Defect engineering versus amorphization: divergent photocatalytic pathways in laser-synthesized niobium-based oxides

Abstract

The non-equilibrium conditions inherent in femtosecond laser ablation in liquids (LAL) offer a versatile platform for synthesizing metastable nanomaterials, yet predicting the structural evolution of complex oxides under rapid quenching remains a challenge. Here, we elucidate the divergent structural and functional outcomes of LAL applied to two related wide-bandgap niobium-based oxides: LiNbO₃ and Nb₂O₅. We find that the intrinsic crystallization kinetics of the materials dictate their response to laser-induced fragmentation and condensation. Nb₂O₅, a strong glass-former with complex polymorphism, is trapped in an amorphous state. In contrast, LiNbO₃ exhibits robust thermodynamic stability, favoring rapid nucleation and growth to form polycrystalline, albeit defect-rich, nanoparticles. These structural differences profoundly impact their electronic landscapes. Amorphization in Nb₂O₅ introduces a broad continuum of localized states that facilitate rapid charge recombination.

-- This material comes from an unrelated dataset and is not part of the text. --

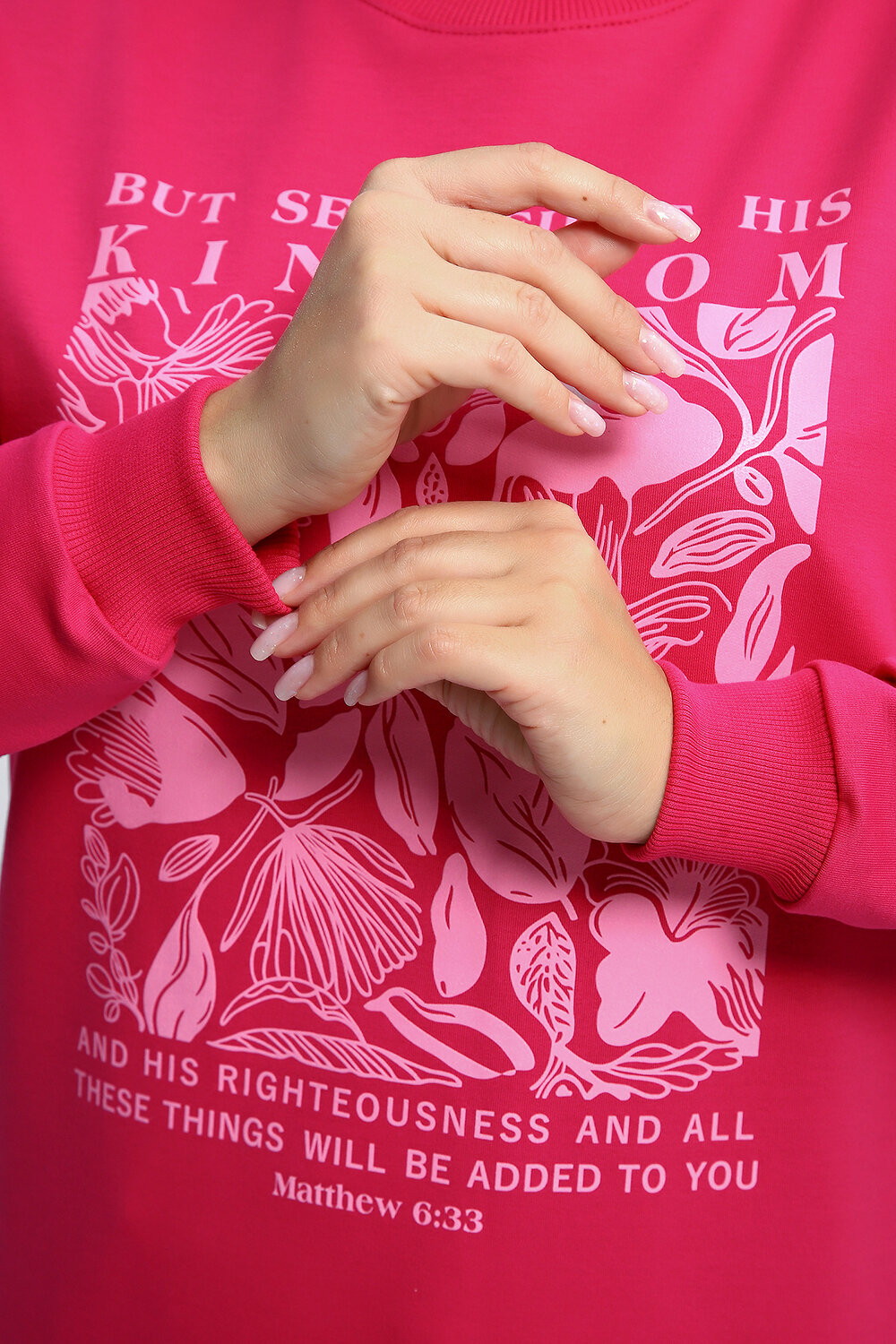 Натали Толстовка 581926 80047 фуксия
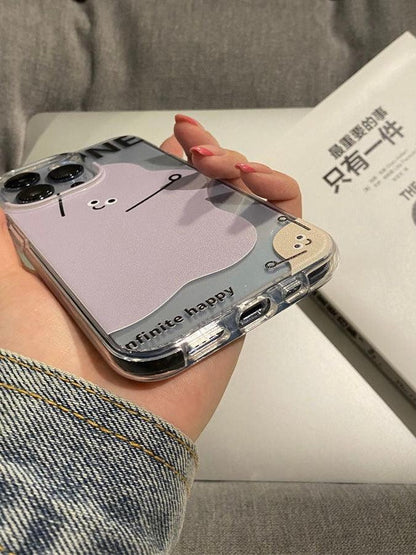 lovevop Cartoon Shockproof Phone Case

Conversely, defect engineering in crystalline LiNbO₃ yields discrete mid-gap states that enhance visible-light absorption and prolong carrier lifetimes. Consequently, LiNbO₃ nanoparticles demonstrate sustained hydroxyl radical generation under visible irradiation, achieving a photocatalytic dye degradation rate threefold higher than their amorphous Nb₂O₅ counterparts and enabling 90% dye removal after 150 minutes at low catalyst loading. This investigation underscores the critical role of intrinsic crystallization kinetics in LAL synthesis and establishes defect-mediated crystallinity as a superior strategy over amorphization for activating wide-bandgap materials for solar-driven photocatalysis.